This mammoth Cottonwood tree at Olbrich Botanical Gardens was a sight to behold.
Red lacquer and gold leaf form a striking contrast on the ceiling of the Thai Pavilion at Olbrich Botanical Gardens’
The golden roof of the Thai Pavilion located at Olbrich Botanical Gardens sparkles in the sunshine.
A book stack in Memorial Library.
Part of a mosaic that decorates the foyer of U W Madison’s Memorial Library.
Glass etchings are suspended over a staircase in the Red Gym.
Constructed of red brick, the Red Gym was designed in the Romanesque revival style and built in 1894 to function as a combination gymnasium and armory. After surviving demolition plans after WWII and again in 1963, as well as an anti-war protest firebomb in 1970, it was declared a National Historic Landmark in 1993 and presently serves as the University Visitors Center.

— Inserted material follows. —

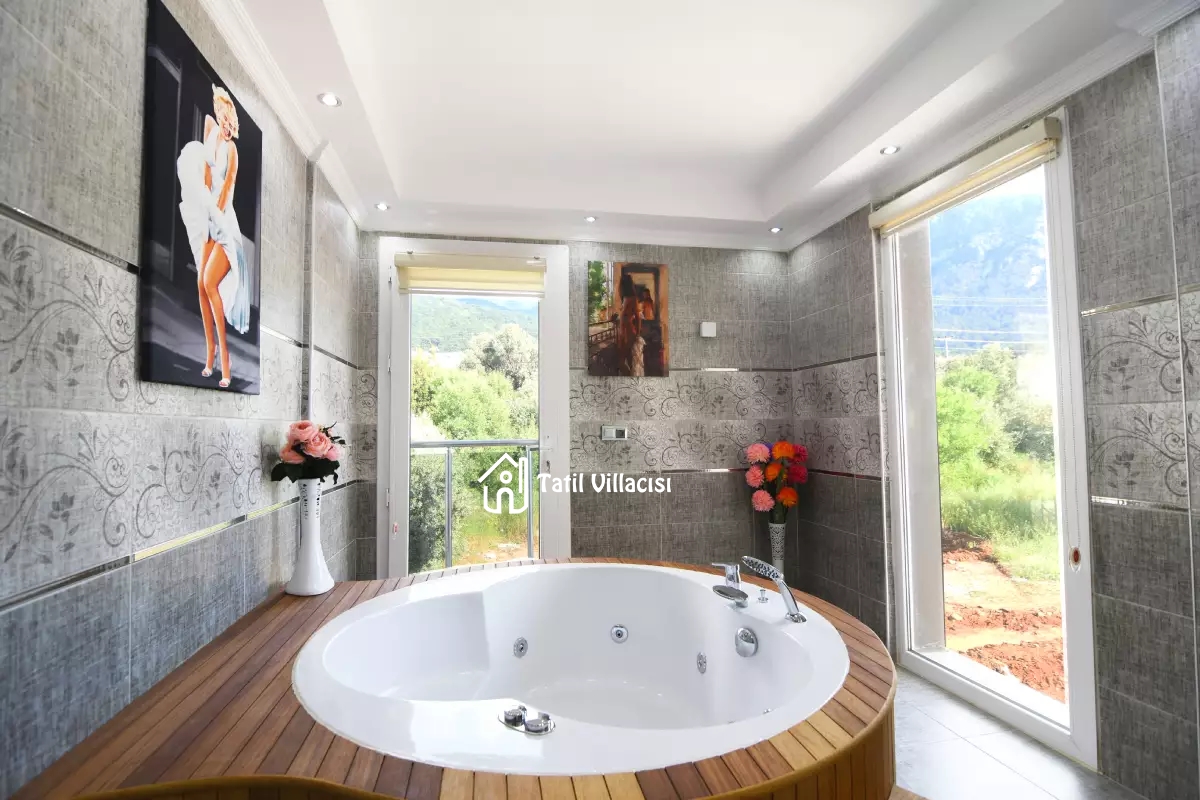 Villa Asyalı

Terrazzo floors in Memorial Union are polished to . . . reflection.
Exterior entrance to U W Madison’s Memorial Union.
Four roof sections, but we can’t remember which buildings . . . somewhere near the science building and Memorial Union.
U W Madison’s School of Music’s Carillon Tower originally featured 25 bells in 1936. Today it boasts 56 bells ranging in size from 13 to just under 7000 lbs.

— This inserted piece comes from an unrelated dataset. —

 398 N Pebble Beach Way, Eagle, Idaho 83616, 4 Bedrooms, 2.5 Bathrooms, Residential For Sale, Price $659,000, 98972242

For the less exuberant student, rubbing Abe’s foot also will fulfill wishes and bring good luck.
This statue of Abe Lincoln arrived on the campus of the University of Wisconsin Madison in 1909. In 1919 it was moved to its present location in front of Bascom Hall where it has become part of University history. Graduates crawl onto Abe’s lap to whisper their hopes and dreams into his ear and kiss his cheek; however, overanxious students who jump into Abe’s lap before commencement week have been known not to graduate.

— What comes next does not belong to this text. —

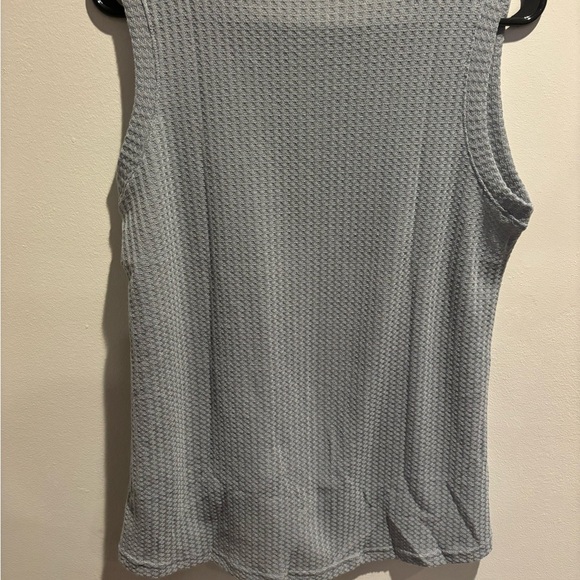 2 piece Athletic bundle size L - Picture 9 of 11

State Street vendors offer UW Madison students a variety of fast food and beverage choices. This one specializes in tea.
A silhouette of John observing Lake Monona before we leave adds a bit of peacefulness to the scene.
The juxtaposition of curved and straight lines and warm monochromatic colors interspersed with green plants and red stairs create a relaxed yet vibrant ambience within the Monona Terrace.
A quarter second shutter speed was used in an attempt to blur the moving escalator. Unintentional camera movement exacerbated by an awkward shooting position near the floor also blurred the ceiling lines, giving them soft edges which may seem to compliment their gentle curves, light color and soft lighting.
Straight angular lines formed by red stairs and silver railings form a striking contrast with the gently curved ceilings.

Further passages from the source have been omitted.